Among the conventionally-known types of power generators for application to cogeneration is the engine-driven type, and one example of such an engine-driven type power generator is disclosed in Japanese Patent Application Laid-open Publication No. HEI-11-200951A.
FIG. 6 hereof is a view explanatory of a fundamental construction of the engine-driven power generation apparatus for cogeneration disclosed in the HEI-11-200951A publication. This engine-driven power generation apparatus 100 includes, within a housing 101, a power generator 102, an engine 103 connected with the power generator 102 to drive the power generator 102, a ventilation fan 104 disposed above the engine 103, and a motor 105 connected with the ventilation fan 104 to drive the fan 104.

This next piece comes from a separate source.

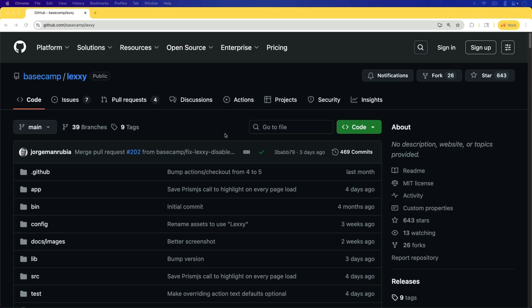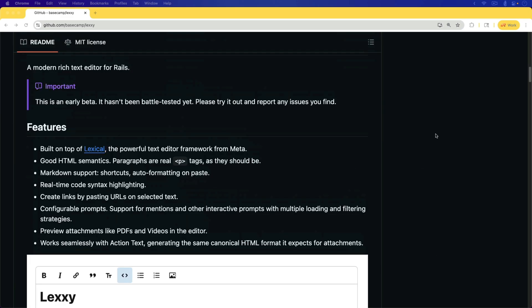But with the addition of Lexi, which is built on top of Lexical, a lot of the pain points that we have with Trix for expanding and working within the editor was kind of painful. So it's really awesome to see what is hopefully an improvement upon Trix and something that supports Markdown.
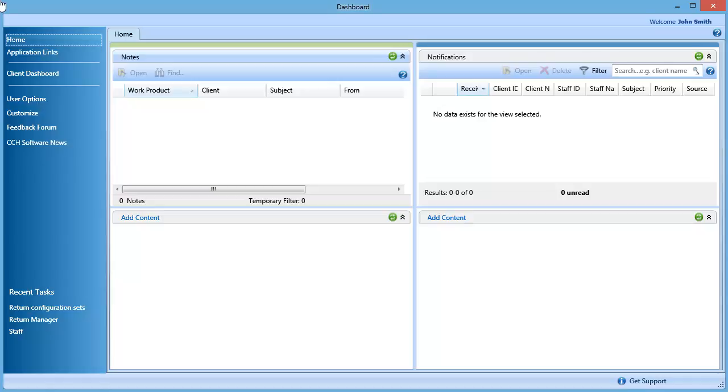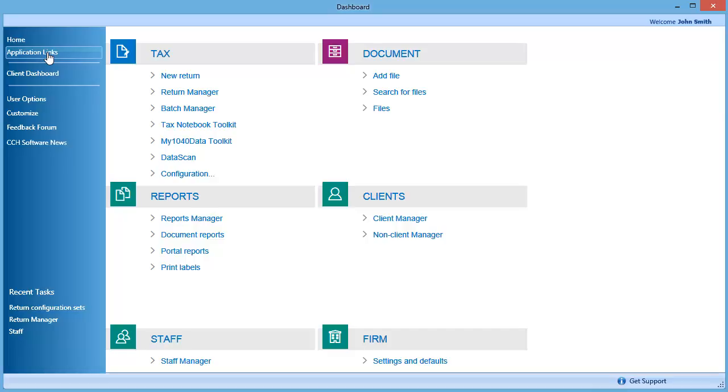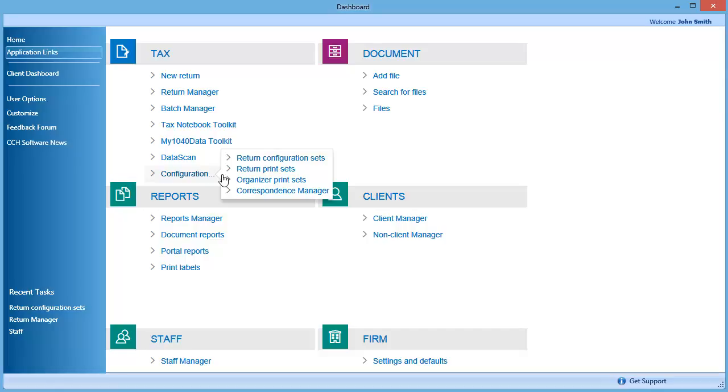In the navigation panel on the left, click Application Links, then under Tax, click Configuration, and then Return Configuration Sets.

In the housing 101 are formed: an external air take-in hole 107 for taking in external air into the housing 101 for cooling the engine 103 and motor 105; a motor cooling air take-in hole 108 for taking in and directing part of the external air, taken in through the external air take-in hole 107, to and along the motor 105 to cool the motor 105; a motor cooling air discharge hole 109 for discharging the air taken in through the motor cooling air take-in hole 108 after cooling the motor 105; and an air discharge hole 111 for not only discharging the air discharged through the motor cooling air discharge hole 109 to outside of the housing 101 but also discharging the air, taken in through the external air take-in hole 107 and passed along an outer peripheral portion of the engine 103, to outside of the housing 101.

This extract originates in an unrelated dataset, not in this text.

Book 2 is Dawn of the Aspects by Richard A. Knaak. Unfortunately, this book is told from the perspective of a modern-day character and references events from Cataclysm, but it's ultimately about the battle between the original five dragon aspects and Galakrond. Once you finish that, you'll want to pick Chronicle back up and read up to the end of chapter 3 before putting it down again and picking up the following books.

In the engine-driven power generation apparatus 100, the power generator 102 is driven by the engine 103 to generate electric power. The power generator 102 and engine 103 would produce heat during the power generation, and thus, there arises a need to cool the power generator 102 and engine 103 by discharging the heat to outside of the housing 101.
To cool the power generator 102 and engine 103 in the engine-driven power generation apparatus 100, the ventilation fan 104 is driven. By the ventilation fan 104 being driven, a negative pressure is produced within the housing 101, so that external air is taken, through the external air take-in hole 107, into the housing 101 as indicated by arrows (1) and (2) in FIG. 6. Most part of the taken-in air passes along the power generator 102 and engine 103 as indicated by arrows (3) and (5) and is then discharged, via the ventilation fan 104, to outside of the housing 101 through the air discharge hole 111.

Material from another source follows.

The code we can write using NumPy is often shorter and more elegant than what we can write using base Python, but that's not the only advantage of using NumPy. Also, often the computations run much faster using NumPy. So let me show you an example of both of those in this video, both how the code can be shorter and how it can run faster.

In the aforementioned manner, a convection flow of air is produced within the housing 101, so that heat produced from the power generator 102 and engine 103 is discharged to outside of the housing 101. Further, the motor 105, which is a drive source for the ventilation fan 104, too would produce heat as it drives the ventilation fan 104. Cooling of the motor 105 too is effected by the external air taken through the external air take-in hole 107. Namely, part of the external air taken through the external air take-in hole 107 is directed through the motor cooling air take-in hole 108 to pass along a cooling air passageway 112 and then discharged through the motor cooling air discharge hole 109 together with the head produced from the motor 105.
However, the power generation apparatus 100 disclosed in the No. HEI-11-200951 publication requires a great number of component parts and hence high manufacturing cost, because it calls for the ventilation fan 104 for producing the negative pressure, the motor 105 for driving the ventilation fan 104 and the cooling air passageway 112 for passage therealong the air for cooling the motor 105.